[Start of Attachment]

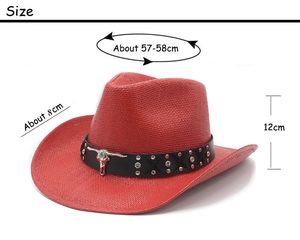 Detailed sizing chart of a red straw cowboy hat with 58cm circumference and 8cm brim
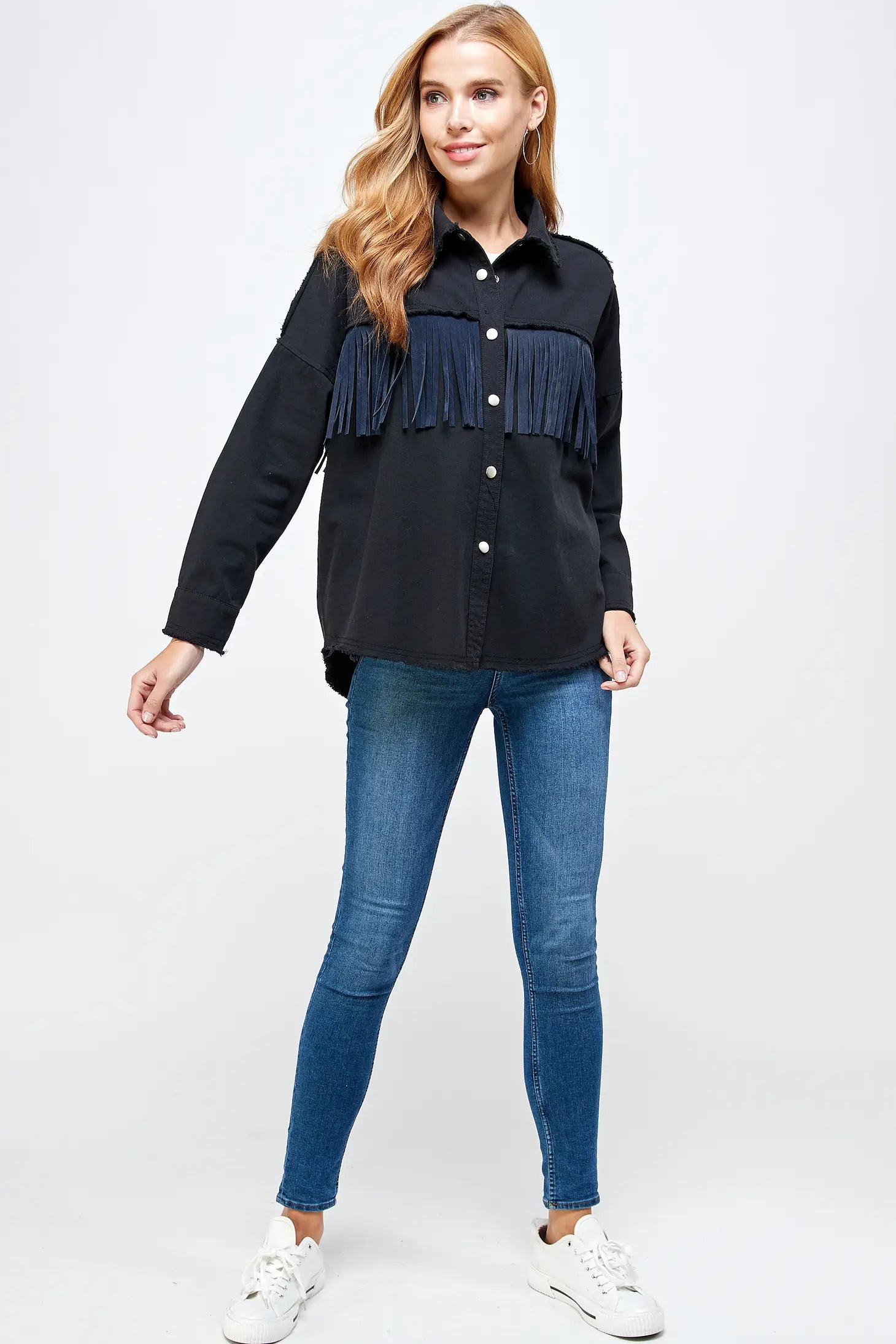 Fringe Button Down Shirt Jacket (Shacket) Midnight Fitted Jacket Loose Jacket Oversized Jacket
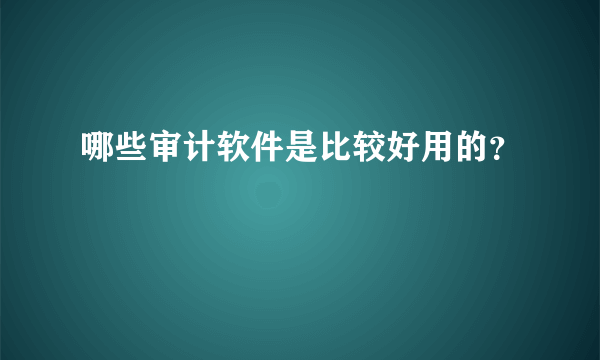 哪些审计软件是比较好用的？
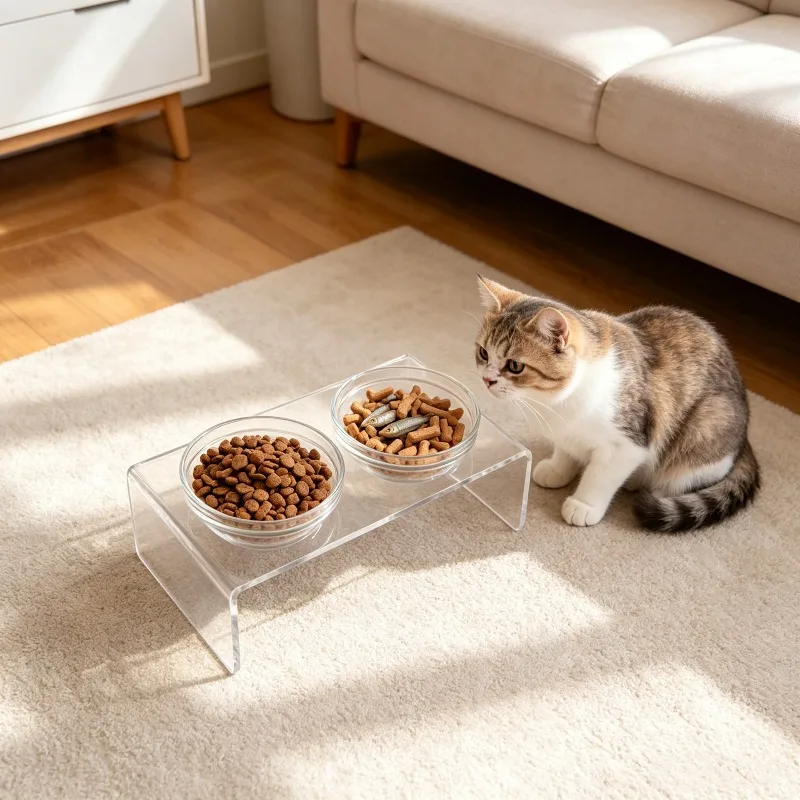 Acrylic pet dining rack dog and cat feeding rack dry and wet separation high foot protection cervical spine non-slip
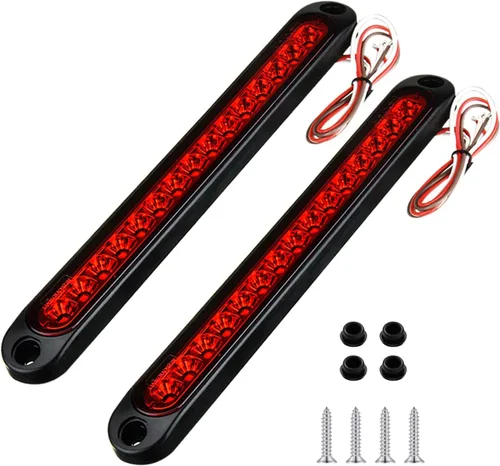Miniatura 7 de Luz trasera roja con lente ahumada de 15 LED para remolque, barra LED de 10" con luz de parada, intermitente, luz trasera impermeable, tira de freno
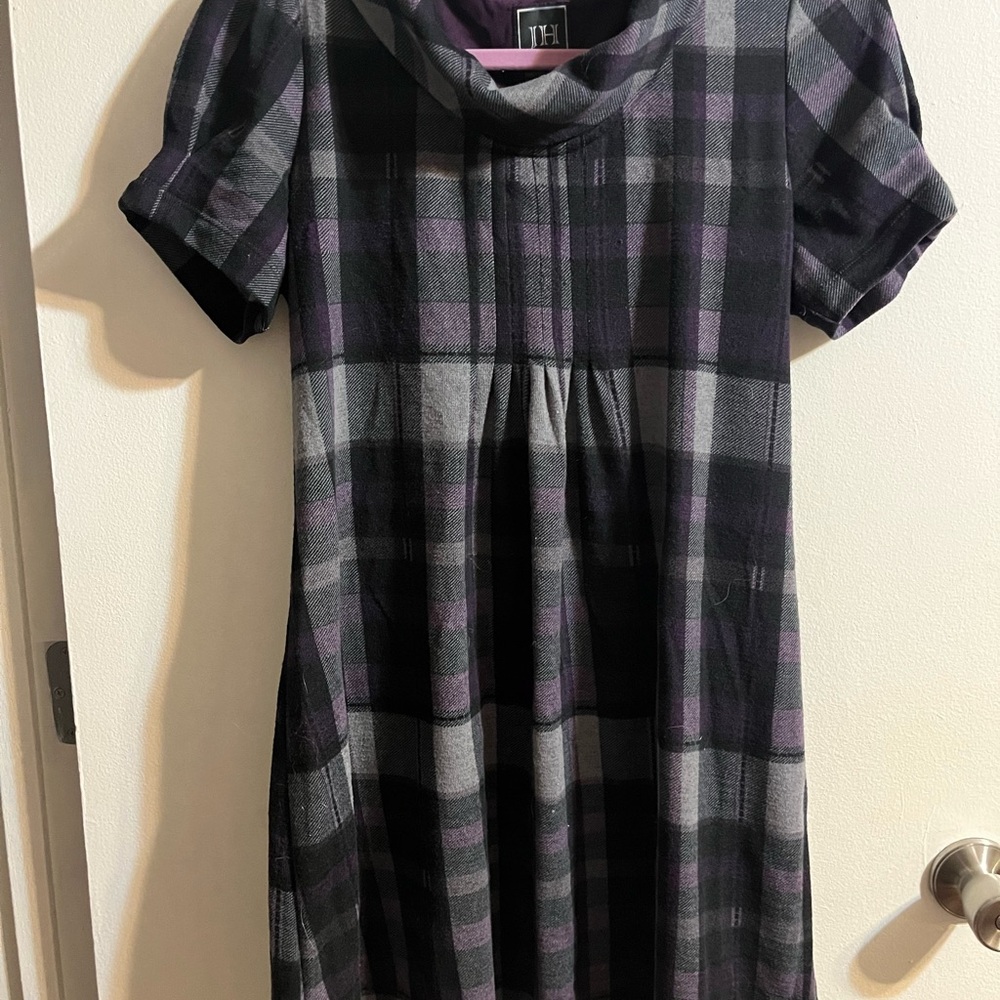IH Plaid Dress - Black and Purple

[End of Attachment]

PROMPT:
Give back all of the entries verbatim, but without pictures.

ANSWER SPACE:
 Detailed sizing chart of a red straw cowboy hat with 58cm circumference and 8cm brim
 Fringe Button Down Shirt Jacket (Shacket) Midnight Fitted Jacket Loose Jacket Oversized Jacket
 哪些审计软件是比较好用的？
 Acrylic pet dining rack dog and cat feeding rack dry and wet separation high foot protection cervical spine non-slip
Miniatura 7 de Luz trasera roja con lente ahumada de 15 LED para remolque, barra LED de 10" con luz de parada, intermitente, luz trasera impermeable, tira de freno
IH Plaid Dress - Black and Purple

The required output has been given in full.